If you want to see the difference between how justice works at different levels of society, consider the comparative cases of Eric Garner and Hillary Clinton, both of whom underwent investigations at the hands of law enforcement and had vastly different outcomes. Garner was suspected of selling cigarettes that he had bought and then was selling individually at a profit. The police grabbed him on the street without any probable cause and placed him in a chokehold that ended up killing him. Clinton was suspected of mishandling classified information on a personal server. Despite the fact that she and her lawyers deleted tens of thousands of emails, and that, according to the FBI director, she sent and received classified information that she said never passed through her server, she was not even indicted and is still the presumptive Democratic nominee for president in the 2016 election. It is disparity like this that informs the anger of many who feel that they are far below the level of economic and political power that could provide them with security, and so they are willing to push ethical boundaries in order to survive, because subsistence is much more important than the abstract of right and wrong. This is the case in the story of “Treading Grapes,” in which the author questions whether there is any distinction between honest and dishonest work by highlighting a corrupt economic system.
It has not been that long since Rebeca Fuerte and her young son, Fernando, lived together in a house with Rebeca’s husband and Fernando’s father, Ramon. However, Ramon was gunned down while picking up a fare in his taxi. This happened in the most random of ways; he was honking from the street for his customer to come down to the street, and he attracted the ire of a young man parked in front of him, who was using his automobile for “necking with his girlfriend” (Stiles, p. 37) when the honking irritated him. So he got out of the car, walked back to Ramon, and shot him. This was one instance of an uncaring world.
This continued when the taxi company “reminded Sra. Fuerte that her late husband’s lease required him to keep their taxi clean and in good repair. Rebeca had tried to wash Ramon’s blood off the seat, but the stain had already set. Replacing the upholsterywould use up all that Ramon would have had coming back on his unexpired lease” (Stiles, p. 38). So not only was Ramon’s employer unsympathetic, they also bilked Rebeca out of the money Ramon had put down. The tone of this response from the company makes awful events like this sound commonplace, more of an annoyance than a tragedy.
This caused the small family significant financial turmoil, so when Rebeca has a chance to make money for her son, beyond what she would make from selling cigarettes out of her sweater, so that she can afford to live in a house “made of packing cases, beaten-out petrol-cans, even cardboard” (Stiles, p. 38)., she does it. Small wonder, then, that when Rebeca hears about a young woman’s awful death, she heads to the mortuary and pretends to be the victim’s sister so that she can sit on the street and beg for funds to pay for a funeral that she has no intention of attending, let alone buying.
This method is just how Rebeca has to get by in an unfair world.

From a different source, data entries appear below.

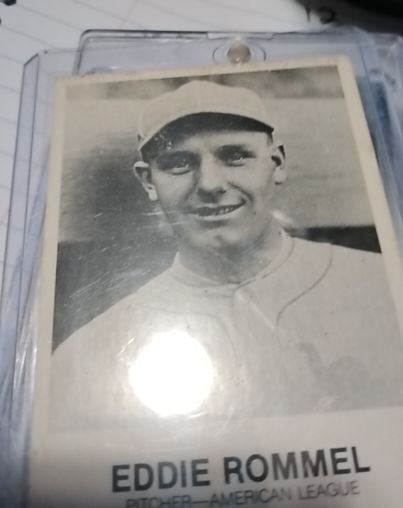 1922 American Caramel E121-120 Eddie Rommel — front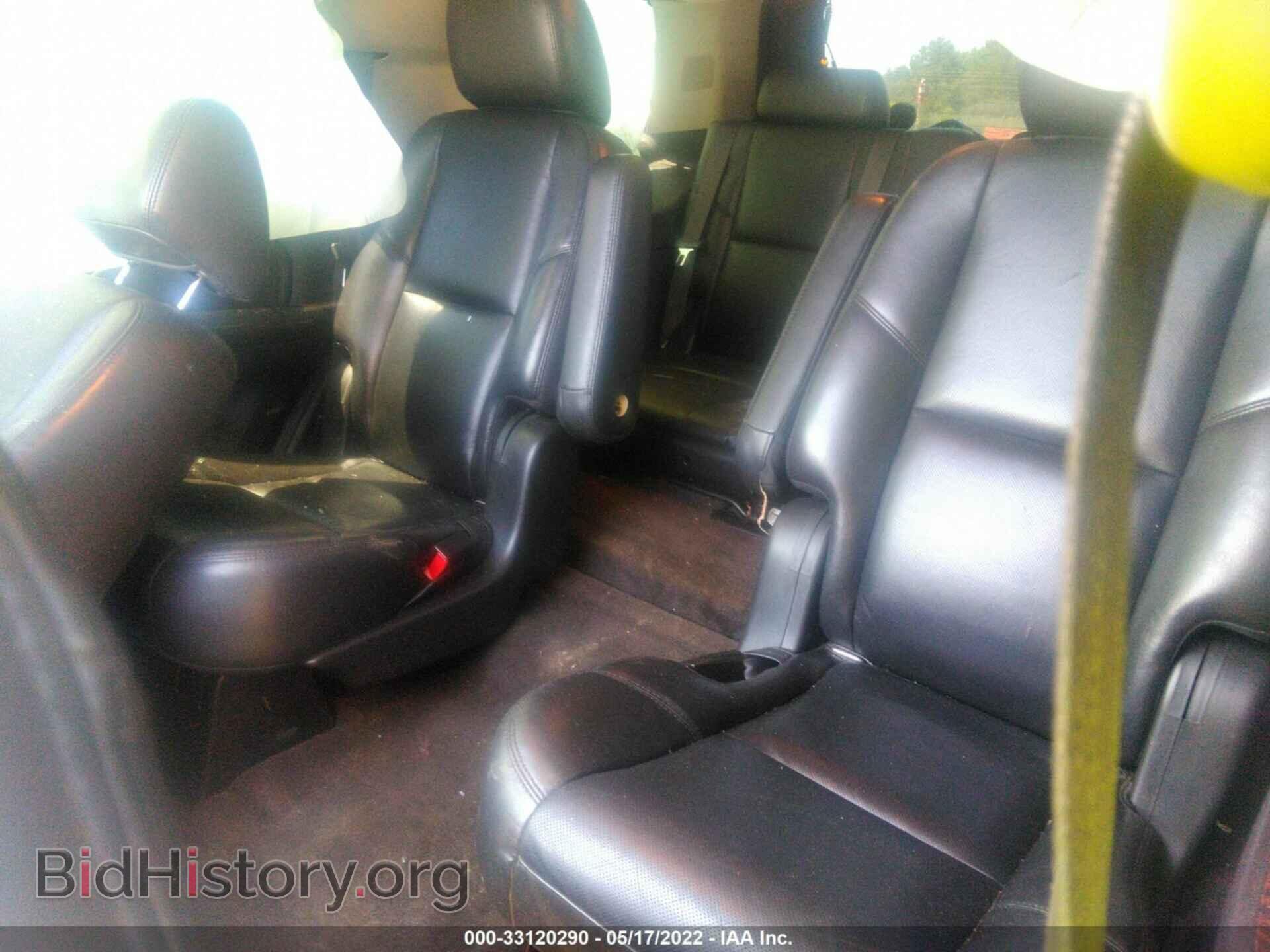 2011 GMC YUKON - VIN: 1GKS2EEF9BR216316 - Photo 8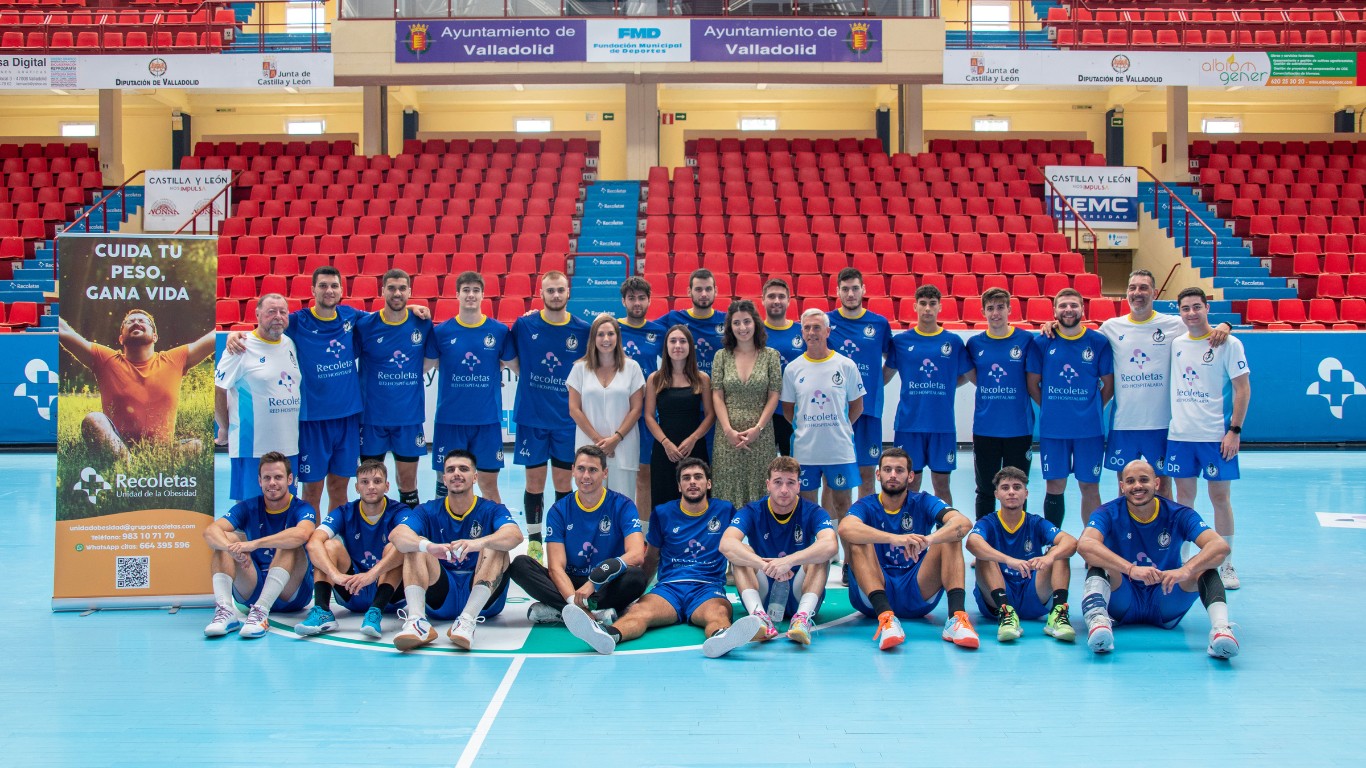 La Unidad de Nutrición y Obesidad Recoletas imparte una charla al primer equipo del Atlético Valladolid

If her husband’s employer can use death to profit (stealing the remainder of the lease to cover upholstery for a taxi seat), then why should she do any differently? The corruption inherent in her society makes her action not only thinkable, but (in her way of thinking) ethical. She clearly finds meaningless, so feeding Fernando becomes her sole concern in the world.
Works Cited
Stiles, Martha Bennett. “Treading Grapes.” Course reading.